A few years ago, Shedrick learned about the Caregiver Action Network, a DC-based organization that among other services staffs a hotline for caregivers who need all kinds of help — including emotional support. The group started the hotline because, despite their numbers, there was no dedicated information portal to help them find resources and help.
Figuring out what’s available, and how to get it, can be overwhelming for someone who is already depressed or anxious.
Are you a caregiver? Find support:
- Get practical help and emotional support from social workers at CAN’s help desk, open from 8 am to 7 pm Eastern time.
- The Rosalynn Carter Institute for Caregivers crisis line offers 24/7 text-based mental health support; text TOUGH to 741741.
- Take a quiz from the advocacy organization Archangels to identify your caregiving intensity level and get connected to resources.
What callers want more than anything is to be seen and recognized, says CAN CEO Marvell Adams. “Every resource we have, the whole purpose is to give awareness to caregivers: You are not alone,” he says. “We hear over and over again: They don’t always want somebody to solve it. What they want is somebody to empathize with them.”
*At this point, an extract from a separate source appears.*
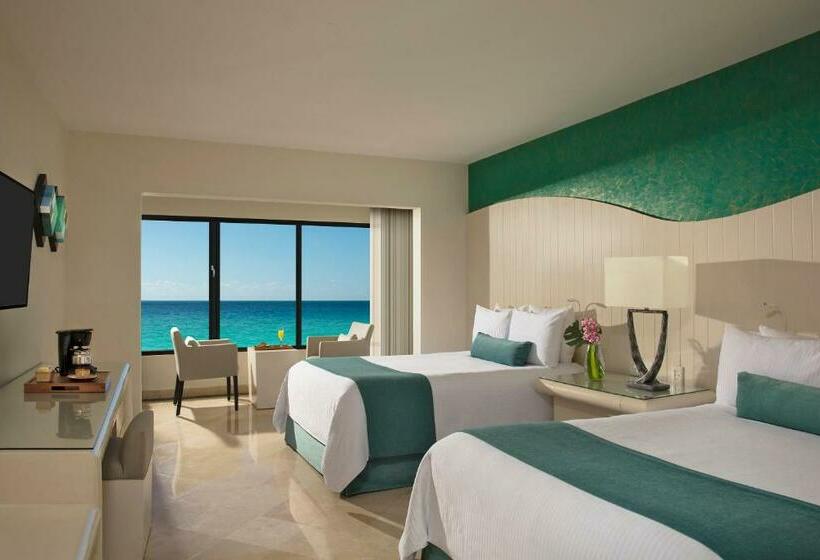 חדר דחוקס עם מיטת קינג, Now Emerald Cancun  All Inclusive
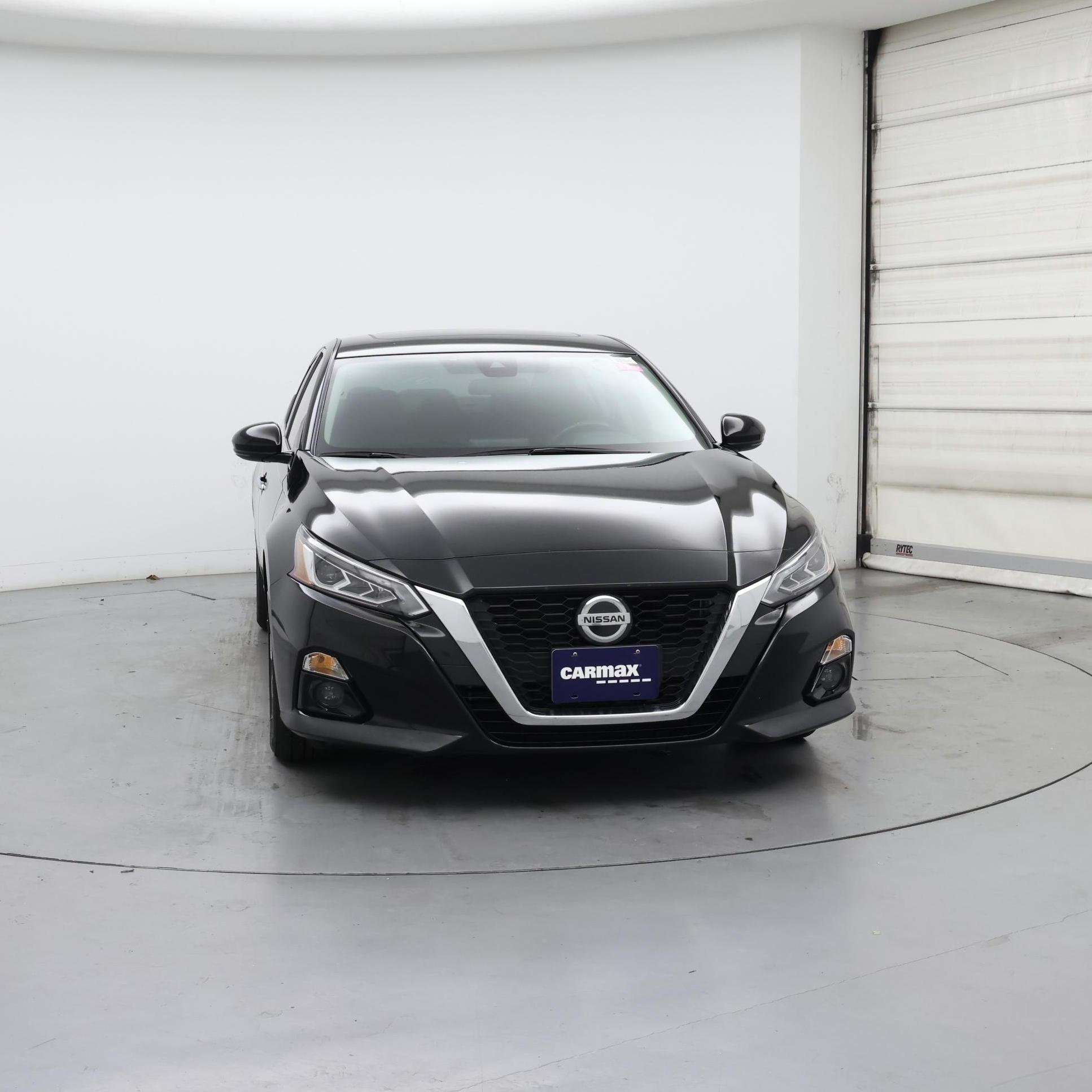 Thumbnail: 2022 Nissan Altima - 5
Shedrick joined the board, aiming to help other caregivers find support. She’s seen how hard it can be. Her consulting company, JenTex, provides training, professional development and continuing education for social workers and those in health and human services.
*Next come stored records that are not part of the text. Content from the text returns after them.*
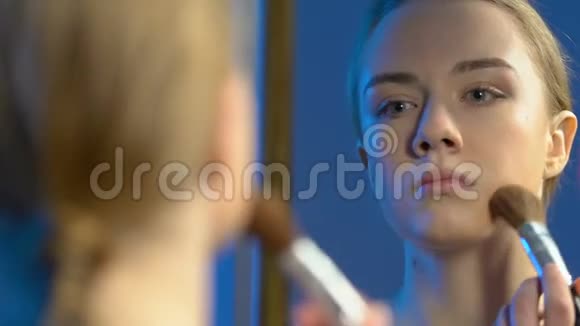 伤心的女孩化妆镜子上写的丑字渴望美丽视频的预览图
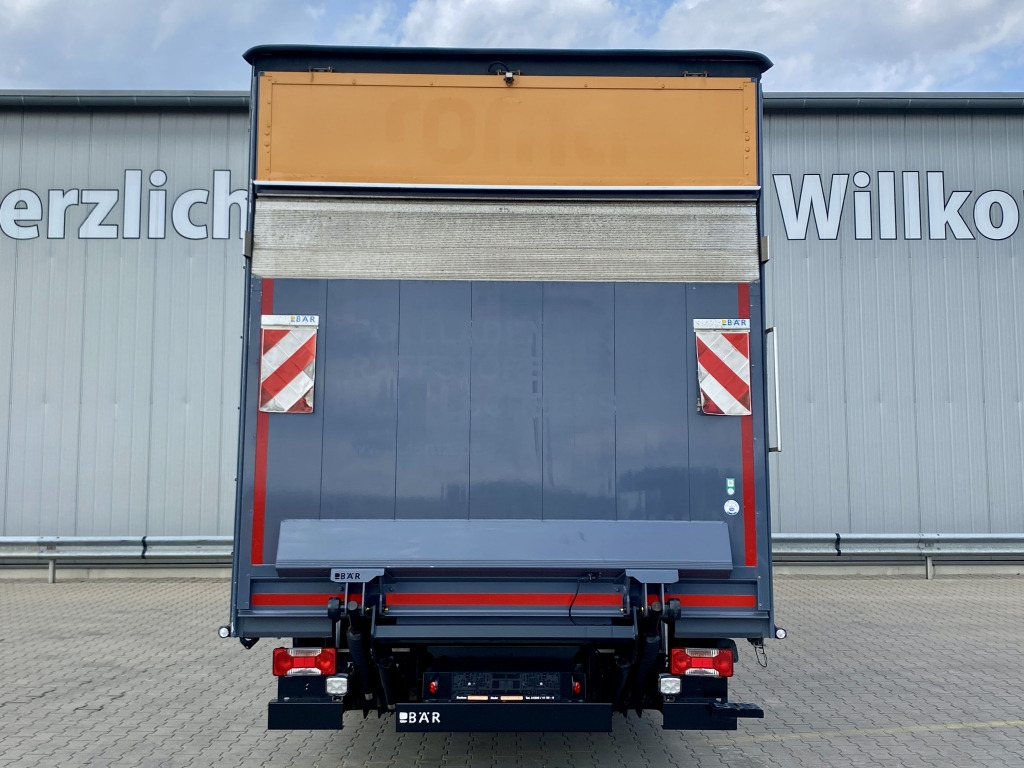 Iveco 70 C 21 / BÄR-LBW - Véhicule utilitaire plateau baché: photos 4 Iveco 70 C 21 / BÄR-LBW - Véhicule utilitaire plateau baché: photos 4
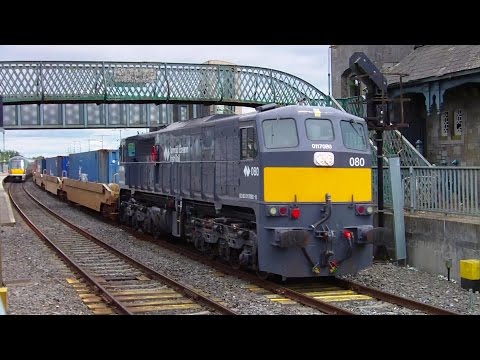 Irish Rail 071 loco 080 + DFDS freight Liner - Portarlington Station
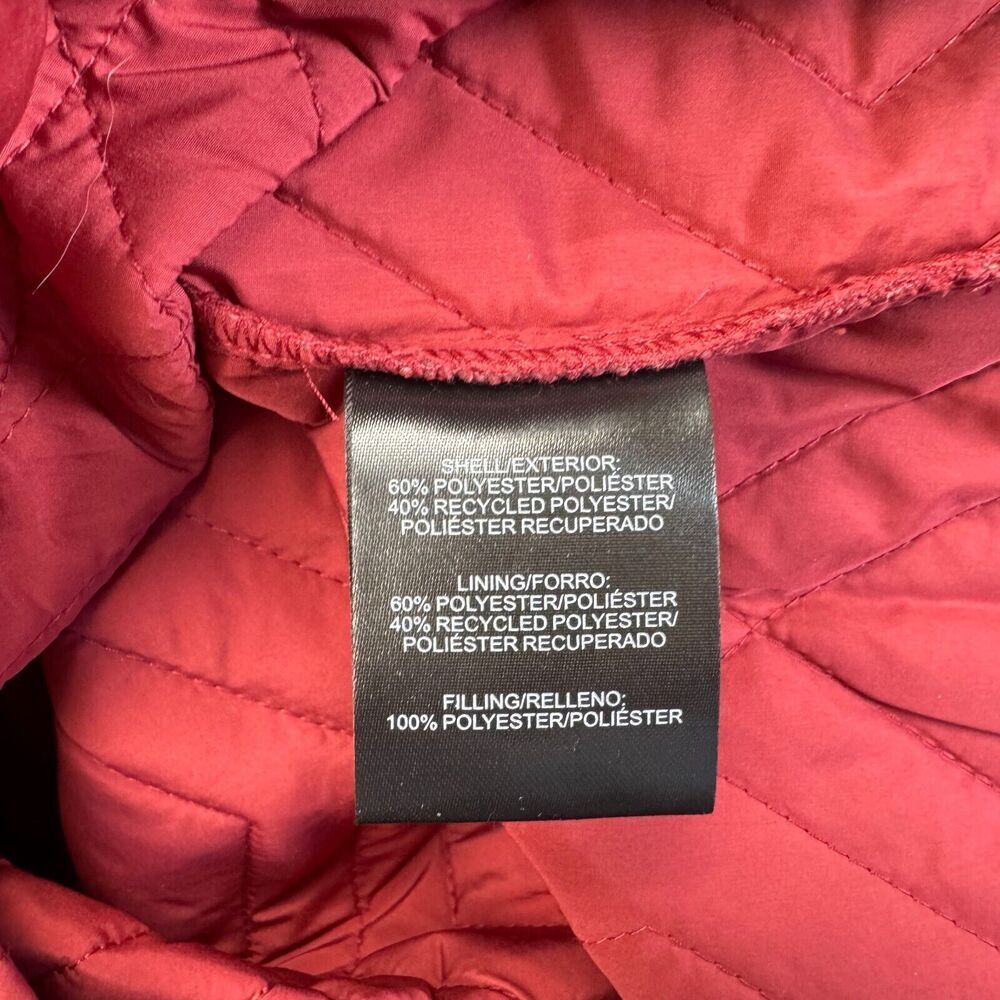 Voyager  Ladies Sz M Red Quilted Jacket Water Resistant Lightweight NWT B2061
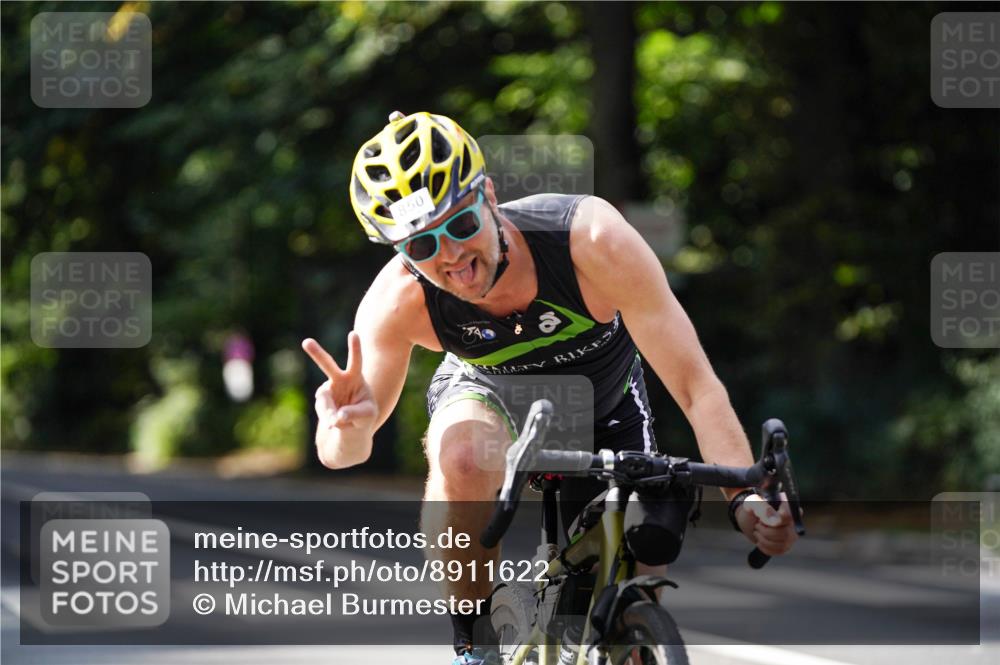 14.09.2025 - Stadtparktriathlon Michael Burmester http://msf.ph/oto/8911622 14.09.2025 11:14:06 Radfahren 744, 796, 824, 850, 873 meine-sportfotos.de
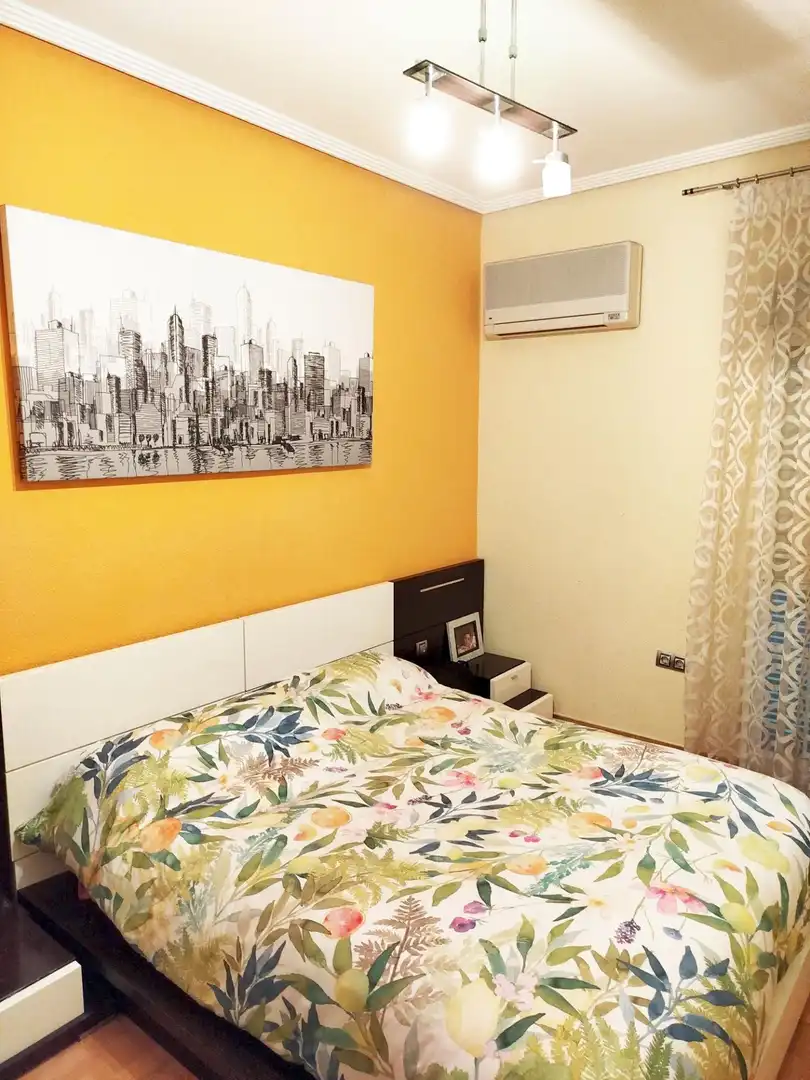 Habitación de Piso en venta en Jaén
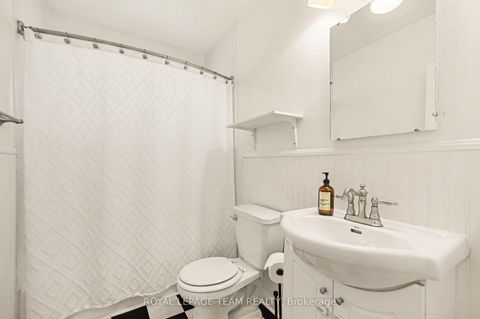 Photo 24 at 3 Donna Street, Nepean (Meadowlands/Crestview), Ottawa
Because of her expertise, friends would often ask her where they could find a therapist who understands the emotional weight of care — and she realized she didn’t have much to offer them. Many therapists don’t get it, she says. “They don’t realize it’s a distinct role, with job-like responsibilities.”
So far, there hasn’t been a convenient way for a therapist to specialize in caregiving. So Shedrick is now creating a training program to teach mental health professionals and caseworkers about the diversity of caregivers, their stresses, and the way family and cultural expectations influence the role. She wants to equip practitioners with ways to identify burnout, and help their patients with proven therapy techniques. She hopes to launch it in 2025.
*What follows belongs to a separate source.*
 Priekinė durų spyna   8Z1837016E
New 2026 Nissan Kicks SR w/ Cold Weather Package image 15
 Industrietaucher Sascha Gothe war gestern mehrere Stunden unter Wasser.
Her mother’s health has deteriorated in the last few years. Shedrick now manages the binder of medical information that organizes everything that’s happened — every doctor, every symptom. It weighs on her, but, she says, she now knows who she is, who to lean on for support, and has a way to connect to others, by talking about her experience.
“It gives me relief when I’m affirmed and validated, and that’s what I hear when I share my story,” she says. “If one person finds value in it, it’s worth it.”
Kat McGowan is a caregiving reporter based in Berkeley, Calif. This story was supported by the Rosalynn Carter Fellowships for Mental Health Journalism.